EXERCISE REQUIREMENTS: Somewhere below is a line with "Flats Brisa do" and, later, a line with "Peugeot 308 Хювинкяя - изображение 8"; repeat those two lines and all the lines between them, exactly as they are.

TASK INPUTS:
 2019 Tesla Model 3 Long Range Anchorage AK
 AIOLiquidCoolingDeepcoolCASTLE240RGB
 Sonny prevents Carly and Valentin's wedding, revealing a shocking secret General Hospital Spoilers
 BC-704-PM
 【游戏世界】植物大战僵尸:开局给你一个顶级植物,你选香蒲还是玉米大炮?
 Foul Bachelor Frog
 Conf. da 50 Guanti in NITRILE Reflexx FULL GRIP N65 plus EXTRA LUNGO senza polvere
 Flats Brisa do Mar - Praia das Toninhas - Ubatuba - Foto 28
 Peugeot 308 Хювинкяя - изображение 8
---
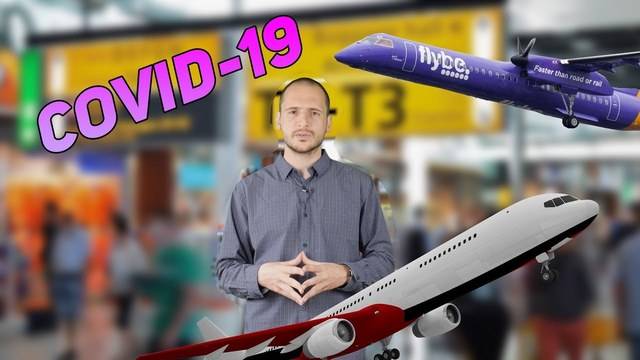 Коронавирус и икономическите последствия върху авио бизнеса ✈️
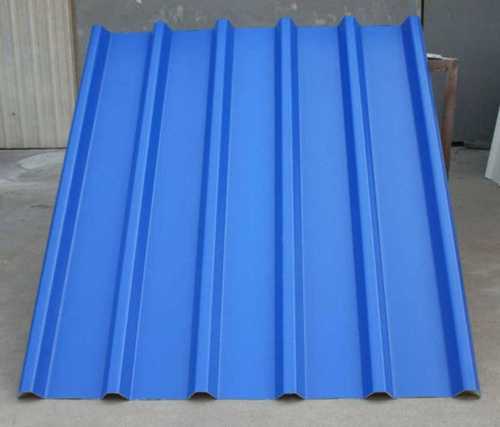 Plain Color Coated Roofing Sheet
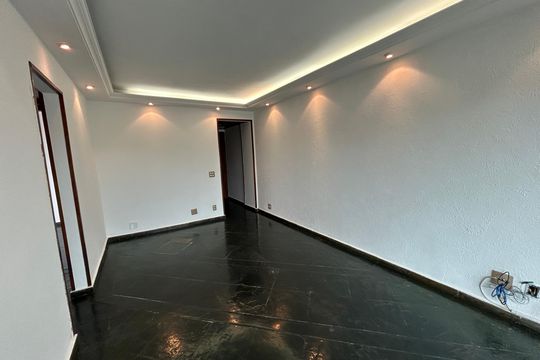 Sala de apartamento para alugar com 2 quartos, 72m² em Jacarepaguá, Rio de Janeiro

EXPECTED ANSWER:
 Flats Brisa do Mar - Praia das Toninhas - Ubatuba - Foto 28
 Peugeot 308 Хювинкяя - изображение 8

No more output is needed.